Tips to Create a Customer Experience Website Google Will Love
Happy Customers Are More Likely to Buy
In today’s online world, making customers happy starts with how they experience your online presence. Your website’s experience is so essential that the world’s largest search engine Google is evaluating every website for user experience (UX).
Google has set priorities for websites on how they deliver to viewers. It will score every page for Core Values. The search engine giant has established five measurements, each with an undecipherable label, that every website must meet. The algorithm measures how easy it is for a visitor to experience your page.
Page ranking is going the way of the Dodo bird. Search engines look for ways websites help site visitors navigate the site and access information.
What is User Experience?
User experience encompasses all aspects of the end-user's interaction with the company, its services, and its products. What that means for your business website is every page must provide an easy to navigate and use experience for your site visitor.
The Big Five
Google evaluates the page experience for the user. Before visitor gets to the text, how easy it is for someone to experience the page? Google created five important measurements to gage how a page provides a good user experience.
1 Core Web Vitals
Google set guidance for quality signals that are essential to delivering a great user experience on the web. The three main qualities are loading, interactivity, and visual stability. In other words, Google is checking to see how easy it is for someone to see your page.
Don’t be put off by the labels, just understand what they mean.
Largest Contentful Paint (LCP) - How long the page takes to load before the visitor can access the content.
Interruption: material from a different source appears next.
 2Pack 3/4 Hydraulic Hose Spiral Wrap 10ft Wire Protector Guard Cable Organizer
The point in the page load timeline when the main content is likely to have loaded is how load speed is measured. A delay of only one second in loading time
can decrease conversion rates by 7%. Google recommends three seconds as a best practice.
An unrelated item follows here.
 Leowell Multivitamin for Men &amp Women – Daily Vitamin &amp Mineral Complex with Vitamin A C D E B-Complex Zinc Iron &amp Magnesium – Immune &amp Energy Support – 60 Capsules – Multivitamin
Cumulative Layout Shift (CLS) - When interaction with the page feels real to the user. This is the time from when a user first interacts with a page to the time when the browser begins to process that interaction.First Input Delay (FID) - The page feels stable and doesn’t wiggle, wobble, or jump. Visual stability should prevent irritating and unexpected movement of page content.
2 Mobile Friendliness
The page performs in the same manner no matter what mobile device the user is on——Android, iPhone, iPod, tablet, etc. The website works the same across devices.
3 HTTPS Data
Your site should have secure technology that enables encrypted communication in the form of an SSL certificate. Have you ever gone to a website and the search bar says, not secure? That means the data is not secure.
4 No Intrusive Popups
Popups are called interstitials. If an interstitial covers the page on a mobile device, the user is kept from seeing the information they want. You can have a small popup in a corner, but it can’t cover the entire page preventing the viewer from seeing what they came to the page to see.
5 Safe Browsing
Keep your site free of malware, harmful downloads or deceptive content.
If you want to discover more about how the user experience affects your website, usability.gov offers a library of information to help you understand and implement a great user experience.
Content is Still the High Measure
Keep these search factors in mind for your website, but content is still the best opportunity for search results and ranking. You want your site visitor to have a good experience with your website, so make it easy for them to get to and read your content.
Once your website is easy to use, great content that answers customer questions is your ticket to reaching happy customers.